→ **Problem to work on**: Copy the data precisely, character for character, and leave out every picture.

:: Data block

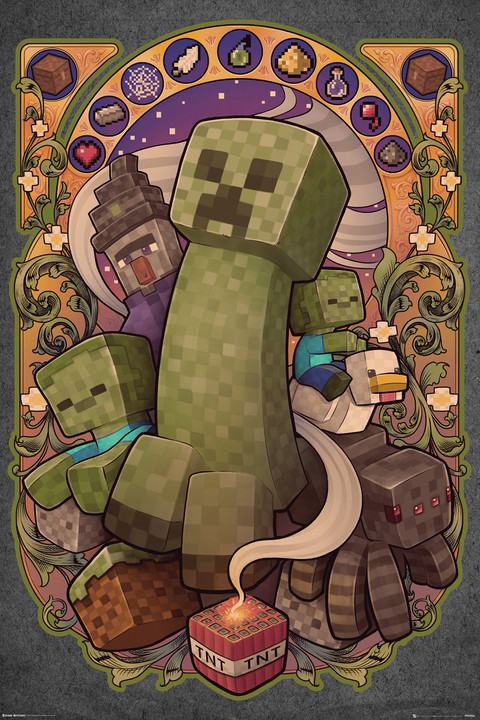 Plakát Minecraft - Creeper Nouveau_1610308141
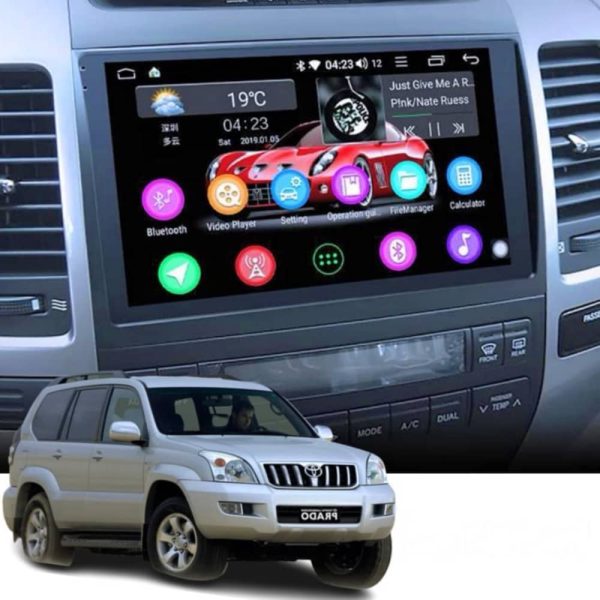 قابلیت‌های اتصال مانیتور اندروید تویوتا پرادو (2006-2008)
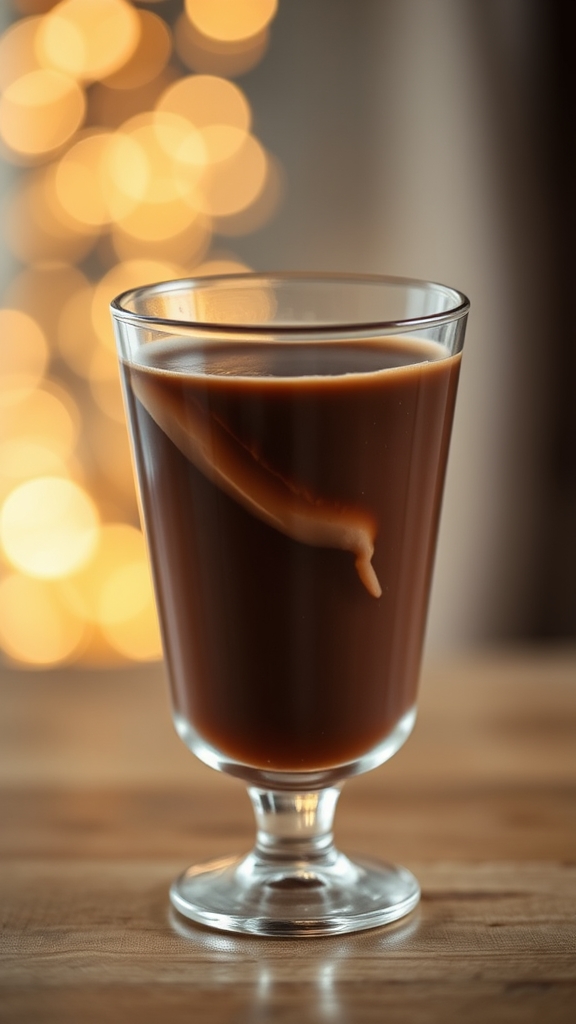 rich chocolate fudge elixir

::::

→ **Solution to the exercise**:
 Plakát Minecraft - Creeper Nouveau_1610308141
 قابلیت‌های اتصال مانیتور اندروید تویوتا پرادو (2006-2008)
 rich chocolate fudge elixir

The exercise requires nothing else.